早上的時候瑜姐就給宋靜姿打了電話,因為她女兒發燒在醫院,所以要今天要請假,還有一個兼職大學生林曉因為學校有也臨時請假了。
宋靜姿想著也沒什么客人,所以干脆就放了大家一天假, 不營業了。
通知了袁江不用來上班, 她本人去店里守著, 等前一天給幼兒園小朋友定的小蛋糕被顧客取走以后, 她就一個人安安靜靜地窩在烘焙間里開始做陸郅定的那個蛋糕。

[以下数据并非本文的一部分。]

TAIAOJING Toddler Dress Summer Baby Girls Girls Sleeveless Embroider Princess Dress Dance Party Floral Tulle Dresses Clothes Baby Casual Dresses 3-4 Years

今天是周六, 她那個在寄宿學校上初三的倒霉弟弟兩周放假回家一次, 為了他即將到來的中考, 大哥宋靜堯覺得家屬的后勤一定要保障好,每次弟弟放假回家一定要準備上一桌子他愛吃的菜, 再燉上一只山參老母雞說給那家伙補身體。
但宋靜堯聽說上次青魚巷事件到現在都沒有結案,所以一直要妹妹在自己家住著, 弟弟回來了自然也不能讓他一個人回青魚巷住, 因此今天的中考動員餐在宋靜堯家里舉行。
宋靜姿想著也不能光讓哥哥嫂嫂里外忙活,她打算等陸警官取走蛋糕以后就提前關門回哥哥家幫忙。
陸郅按約定的時間在下午五點準時上門。
“今天不營業嗎?”陸郅進屋以后看著空蕩蕩的貨架問宋靜姿。
宋靜姿一邊給蛋糕盒子扎絲帶蝴蝶結, 一邊笑著點頭道:“嗯,今天大雪,本來也沒什么人, 店里兩個員工都有事請假了, 天兒這么冷, 我想著索性就準備早點關門回家,今天我弟弟放假回家吃飯。”
陸郅把尾款付掉,話語里帶了些歉意,“那還麻煩你專門等我來取蛋糕了,耽誤你了吧?”
宋靜姿抖開袋子,把蠟燭蛋糕刀叉等放進去,笑著說道:“不麻煩,蛋糕是昨天就訂了的,不營業是我今天臨時決定的,再說了咱們做生意最起碼的誠信總是要講的,陸警官你照顧我的生意,我高興還來不及……喏,這個是蠟燭還有刀叉盤,不夠的話我再給你添。”
陸郅說了聲謝謝把袋子接過來,看了眼透明的涂花塑料袋猶豫了片刻后還是決定對宋靜姿說道:“那個……不好意思有沒有那種不透明的袋子,我想把這個裝進去。”
說著他沖宋靜姿揚了揚自己另一只手上一直拎著的一個手掌大小的紅色禮袋,精致又小巧。
宋靜姿定睛一看,小袋子上印著幾個燙金大字——“xx黃金”。
見她似有疑惑神色,陸郅看著她清凌凌的眸子不好意思地抓一把自己的短發,主動開口解釋:“這是給我那同事的孩子買的,就張潛,上次在青魚巷查監控的時候你也見過,他孩子是早產的,出生那會兒張潛被我喊走去隔壁市一個小山村出任務,在那里隔斷通訊出任務,貓了一個禮拜,孩子出生以后就沒見著爸爸,在新生兒重癥監護室里待了五天才出來……”
陸郅說著把袋子遞給宋靜姿,“孩子的其他家人都什么也沒說,張潛在我們大伙兒面前更是一個字沒提,我也是后來才知道的那孩子差點就沒了,這次寶寶滿月他們簡單辦了幾桌。